# Samsung Galaxy S5 arrives in India for Rs 51,500



## anirbandd (Apr 11, 2014)

Who is excited??

Not me. 

Samsung Galaxy S5 arrives in India for Rs 51,500 - Tech2



> Samsung’s flagship Galaxy S5 that was launched last month, and expected for a price somewhere between Rs 51,000 and Rs 53,000, has finally hit store shelves in India. Though the official site still asks users to pre-book the device by paying a sum of Rs 1,500, the device is available at online retailers for a price of Rs 51,500.
> 
> Online retailers like Infibeam, Snapdeal and Saholic have started selling the 16Gb Galaxy S5 for Rs 51,500 and promise to ship the device in 3-4 working days. Besides, it will also be available through brick and mortar stores. The Galaxy S5 was expected to be available in black, white, blue and gold colours, but it seems the gold hasn’t made it to online stores yet.
> 
> ...





> *Update: The official Samsung India store has begun selling the 16GB Galalxy S5 for Rs 51,500. Surprisingly, Flipkart is selling the 16GB Galalxy S5 unit for a tad expensive Rs 53,499.*



- - - Updated - - -

Fail FK. Selling it at a price more than the official store.

- - - Updated - - -

but hey...

have money, will waste


----------



## $hadow (Apr 11, 2014)

Waiting till May can save upto 20% I guess. Price cut will be there at a later stage.  Like s3 got 13% till may and s4 got 18%.


----------



## SaiyanGoku (Apr 12, 2014)

for failkart selling it at a higher price.


----------



## amjath (Apr 13, 2014)

Price reduced
Samsung Galaxy S5 Price in India - Buy Samsung Galaxy S5 Shimmery White 16 GB Online - Samsung: Flipkart.com


----------



## gameranand (Apr 13, 2014)

amjath said:


> Price reduced
> Samsung Galaxy S5 Price in India - Buy Samsung Galaxy S5 Shimmery White 16 GB Online - Samsung: Flipkart.com



Well they had to do it eventually.


----------



## ithehappy (Apr 13, 2014)

I just don't understand some people who reviews stuffs at Flipkart, such a brilliant site, such disgraceful reviewers! Undoubtedly S5 is nowhere near worth it's price tag, but seriously people don't search about things _before_ buying? What the frak is the problem? It's something like those UTI Mutual Funds back in 1995's, people just invested the return was variable!

Jeez


----------



## anirbandd (Apr 13, 2014)

Fanbois.


----------



## Minion (Apr 13, 2014)

This phone doesn't deserve 50k to all those people who are going to buy this phone get iphone 5S or Sony Z2.


----------



## srkmish (Apr 13, 2014)

bees hazaar ke phone ko pachas hazaar me bechne walon
janta maaf nahi karegi!


----------



## Minion (Apr 13, 2014)

^ Good one .


----------



## tkin (Apr 13, 2014)

Good heavens, 51k for this, when the G2 is going for 38k(32GB), its *NOT EVEN THE KRAIT VERSION*, how stupid does Samsung think we are?


----------



## srkmish (Apr 13, 2014)

Im sure the percentage of people who buy phones just for showoff in the high end segment will be a substantial amount. Hence these phones will keep selling year after year, no matter what price


----------



## SaiyanGoku (Apr 13, 2014)

Samsung is fooling us 
Why don't they sell the qualcomm variant here?


----------



## tkin (Apr 13, 2014)

SaiyanGoku said:


> Samsung is fooling us
> Why don't they sell the qualcomm variant here?

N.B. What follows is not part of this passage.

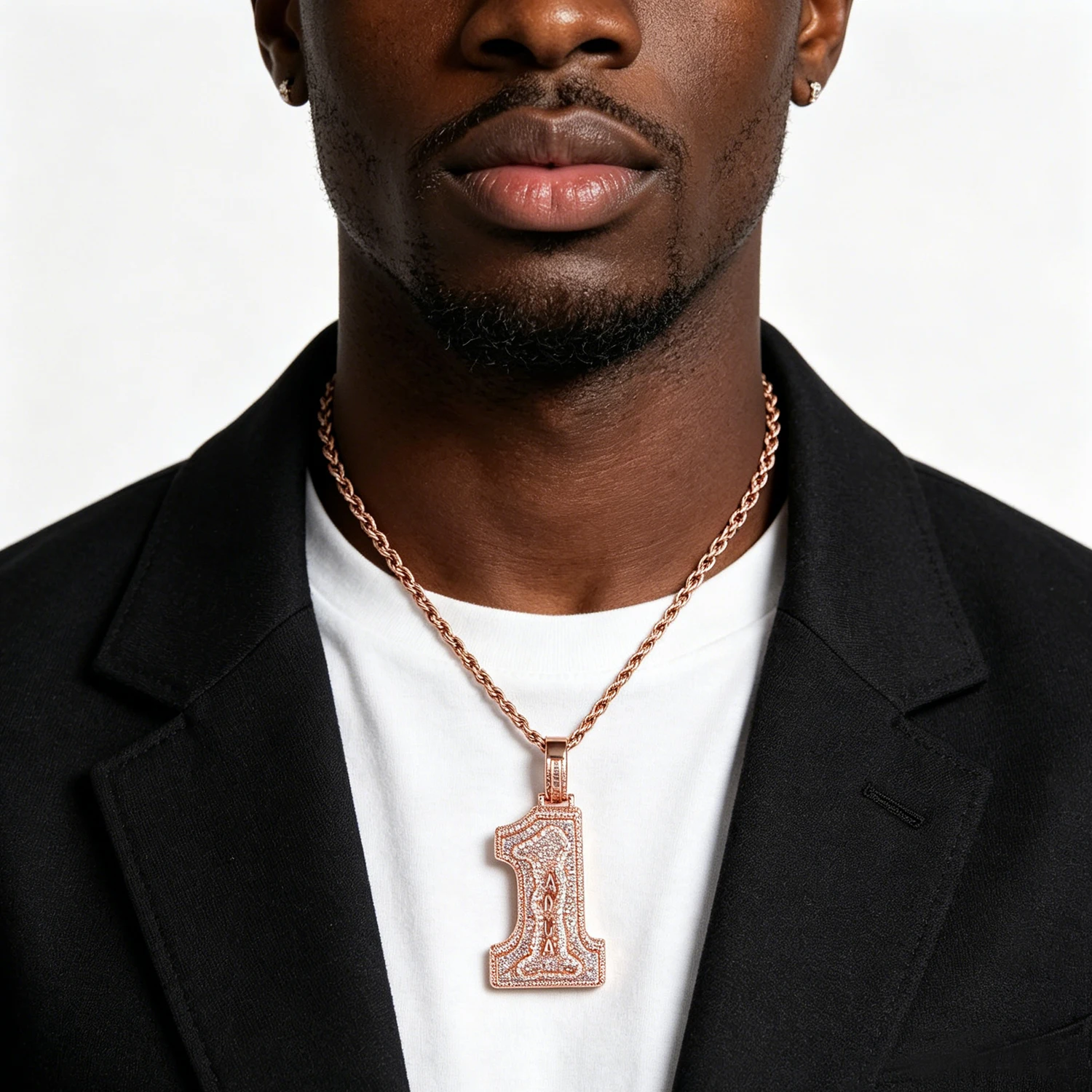 THE BLING KING Custom Letter Number 1 Pendant Iced Out Baguette Zircon Personalized Hip Hop Necklace for Men Women Jewelry Gift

Because 90% of the people who'll buy this phone either don't care about the specs, or aren't technically savvy enough to know the specs. Sammy did the same thing with Note 3 and it fooled a lot of people, ours is a country full of fools, want proof? Here you go: *www.flipkart.com/samsung-galaxy-go...=b_1&ref=63a45149-130a-4688-8045-1ff2897338dc
Samsung had the audacity to launch that phone here and afaik its an India exclusive


----------



## SaiyanGoku (Apr 13, 2014)

tkin said:


> Because 90% of the people who'll buy this phone either don't care about the specs, or aren't technically savvy enough to know the specs.



or just want to show that they have $$$$$

IMHO, if one is spending that much from their hard earned money, they should buy a better phone like LG G2 or Sony Z2.


----------



## srkmish (Apr 13, 2014)

SaiyanGoku said:


> or just want to show that they have $$$$$
> 
> IMHO, if one is spending that much from their hard earned money, they should buy a better phone like LG G2 or Sony Z2.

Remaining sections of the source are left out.